Agriculture is a major emitter of carbon to the atmosphere especially via the use of nitrogen fertilizers. Some landscape units, particularly floodplains have the capacity to deliver multiple productive services without artificial nutrients if managed appropriately. Land managers are currently frustrated by tensions within agri-environmental policies that limit the efficient use of land. Specifically the restrictions placed on commercial producers by support measures, which many consider not to be beneficial to either the sustainability or the productivity of floodplain grassland. The substantial public resources currently consumed by agri-environmental support programmers could be much more efficiently deployed whilst simultaneously improving productivity, sustainability and a cleaner environment.
The field trial proposed here would aim to supply concrete evidence of the synergy between sustainability and production. The work would also aim to supply evidence for other services such as improvements in water quality, via the filtering effect of floodplains during flood events.

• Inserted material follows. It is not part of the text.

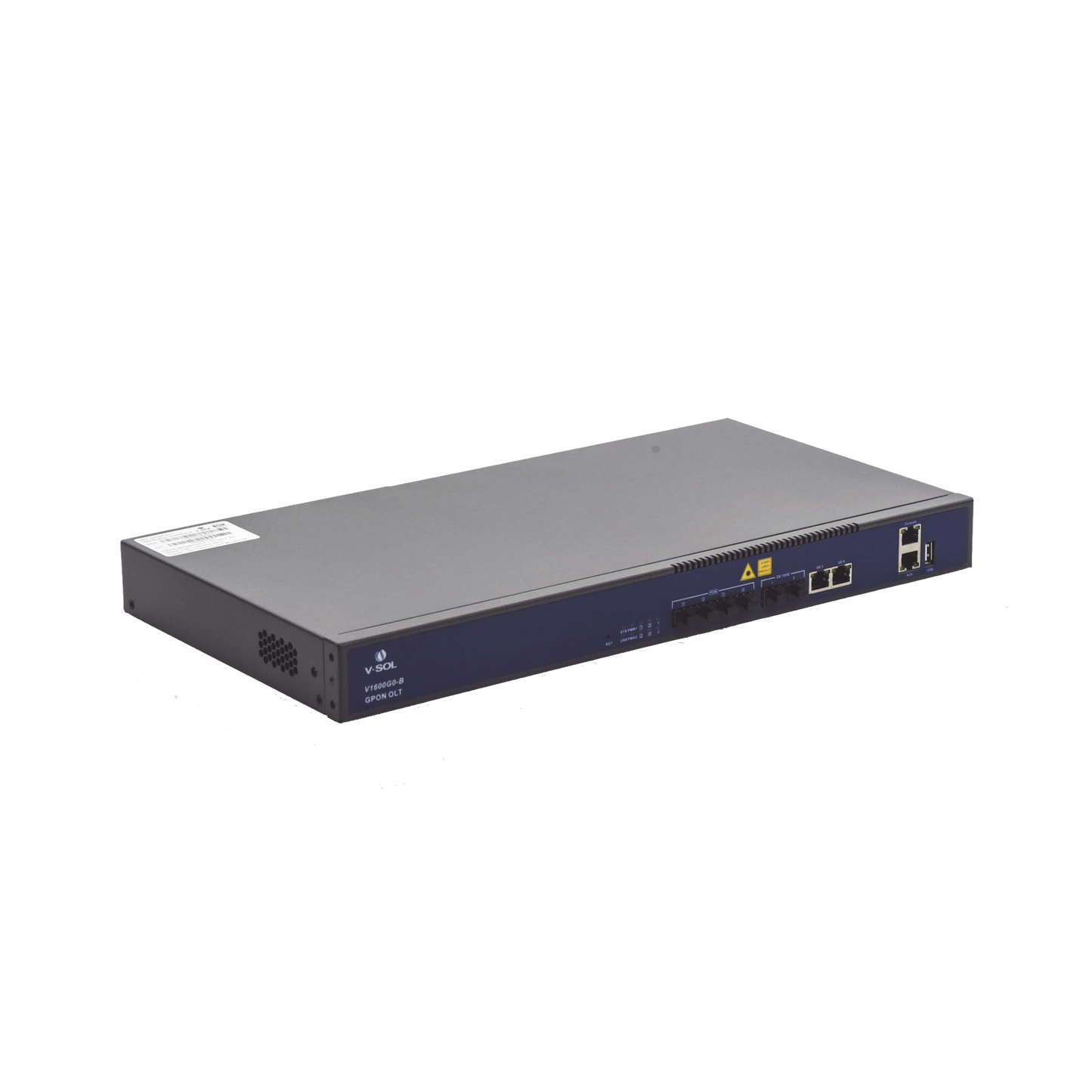 OLT de 4 puertos GPON con 4 puertos Uplink (2 puertos Gigabit Ethernet + 2 puertos Gigabit Ethernet SFP) , hasta 512 ONUS,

The project would consist of four independent experimental blocks sited on land in different ownerships and in separate catchments to trial alternative management strategies for the production of biomass whilst maximizing ecological resilience and interest. There has been no such trial to date to inform the development of agri-environmental policy. The need for such evidence is urgent in the context of the UK needing to re-evaluate and reformulate its policy post Brexit. The student would spend time working in the commercial world and the third sector in addition to time in a University setting. This diversity of environments would give produce broad transdisciplinary training for an environmental scientist.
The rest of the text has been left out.